To extrapolate to 2025, indulge me as I go back to the year 2005 to extrapolate. Ten years ago, iPhone was still not introduced (iPhone 1 got introduced on June 29, 2007). Smartphones were rare. Internet was not a household item. Cloud was not there. Tablets were not there. In fact, none of the technologies mentioned in the previous paragraph were there. In ten years we have come a long way.

Let me add an anectode about how I witnessed this ride in the last 10 years. In 2005, I joined University at Buffalo as an Assistant professor, and  started teaching CSE 646: Wireless and Mobile Computing, a graduate level project-based course on wireless sensor networks.
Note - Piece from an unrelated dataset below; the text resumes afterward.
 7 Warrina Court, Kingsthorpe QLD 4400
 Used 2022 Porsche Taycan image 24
In order to pique the interest of my students, I would start the class by a review-assignment on a short science-fiction story by Vernor Vinge, "Synthetic Serendipity". (If you have 10-15 minutes, do read this story; it is really good.) So, every year, we would talk about which technology mentioned in this short story may get realized soon. A funny thing started to happen around 2010. It seemed like, every year we would find a couple technologies mentioned in the book to get realized: Google Glass, delivery drones, Arduinos, robot sets for education, augmented reality, BitCoin, holograms, etc.
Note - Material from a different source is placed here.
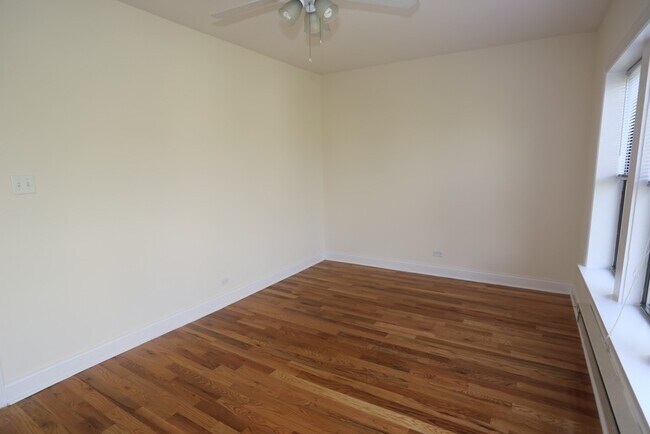 Building Photo - 3834.5 N Fremont St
This leads me to be optimistic about the kind of progress we would see in the next 10 years. (Ok, maybe not as optimistic as the singularity guys and what their law of accelerating returns predict.) Let me wear my wizard hat, and look into my crystal ball. (I will stick to predicting only computing related advances with which I have some familiarity.)

Advances in machine learning 

Machine learning is all the rage now. Thanks to big data and cloud computing, machine learning stole the show in the recent years. However, machine learning is still just simple statistical learning today. In other words it is still in its infancy. I think we are going to see much better technology and accelerated progress in machine learning in the coming years. Five years ago, I would not put singularity before 2150-2200 timeline. Nowadays, I am not so sure. The AI winter is over, and AI is blooming. With all the attention it is receiving we are bound to witness more breakthroughs in machine learning.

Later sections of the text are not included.